Choose a starting point and three other points, called A, B, and C.

From the starting point, leapfrog over point A. By that, I mean land on the point P1 such that A is the midpoint of P1 and the starting point.

Then leapfrog from that point over B. Then C, A, B and C.

Where will you finish?

I encourage students to draw it out first, stressing the importance of accuracy. It makes for a good measuring and constructions with a ruler task for lower years. Below is an interactive version for the board. Move the points around, then use the "Jumps" slider to show the jumps.

For those that have studied vectors, a further challenge would be to ask them to prove the result.

Aditionally, does this hold true in 3D?

Want to send this to students and let them play around with it? Here's a link.

It bugs me when resources don't have solutions, so here's the proof!

The proof

Let points $A$, $B$ and $C$ have position vectors $\mathbf{a}$, $\mathbf{b}$ and $\mathbf{c}$, respectively, treating the starting point as the origin without loss of generality.

After the first leapfrog jump, we have a position vector of $2\mathbf{a}$.
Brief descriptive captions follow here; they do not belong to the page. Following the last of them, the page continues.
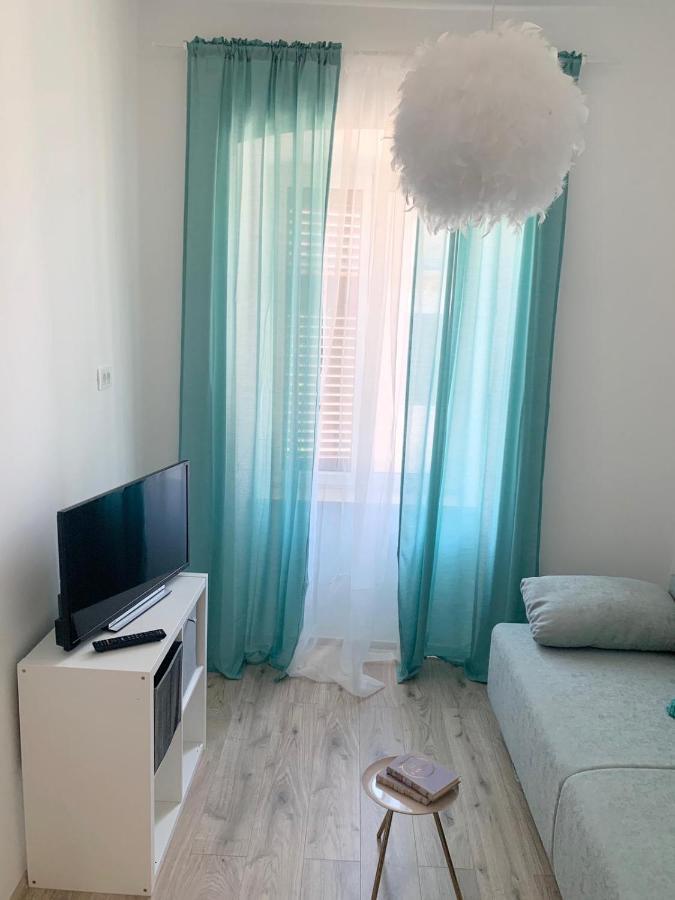 Ra City Garden Suite Pula Bagian luar foto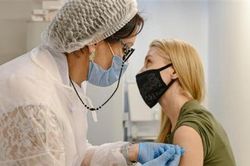 Nhiều quốc gia đẩy mạnh phân phối và tiêm chủng vaccine ngừa COVID-19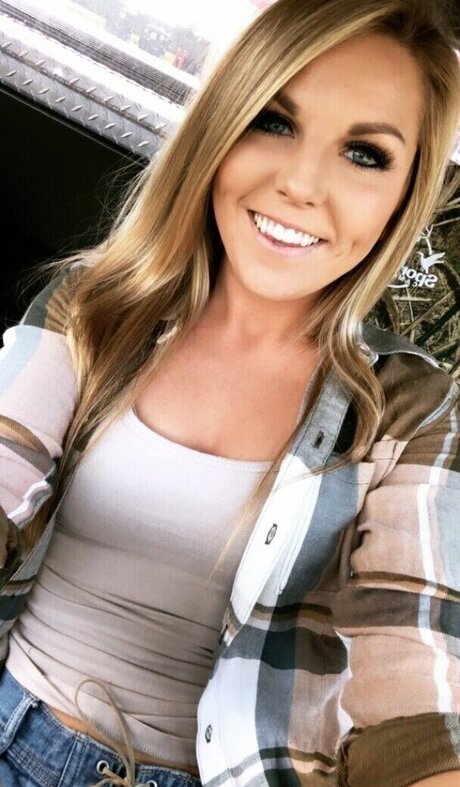 sportliche blonde onlyfans exklusive top bild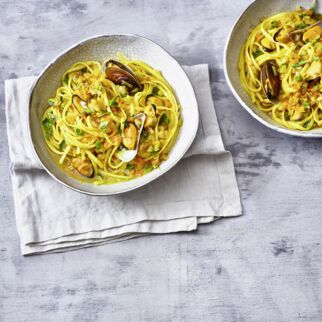 Safrannudeln mit
Miesmuscheln Safrannudeln mit
Miesmuscheln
After the second leapfrog jump, we have a position vector of $2\mathbf{a}+2(\mathbf{b}-2\mathbf{a})=2\mathbf{b}-2\mathbf{a}$.

After the third leapfrog jump, we have a position vector of $2\mathbf{b}-2\mathbf{a}+2(\mathbf{c}-(2\mathbf{b}-2\mathbf{a}))=2\mathbf{a}-2\mathbf{b}+2\mathbf{c}$.

After the fourth: $2\mathbf{b}-2\mathbf{c}$.

After the fifth: $2\mathbf{c}$.

After the sixth: $2\mathbf{c}+2(\mathbf{c}-2\mathbf{c})=\mathbf{0}$.

The resultant vector is $\mathbf{0}$, so we finish where we started. Furthermore, we did not define the dimension of the vector, so this works in any number of dimensions (including 1D and 3D).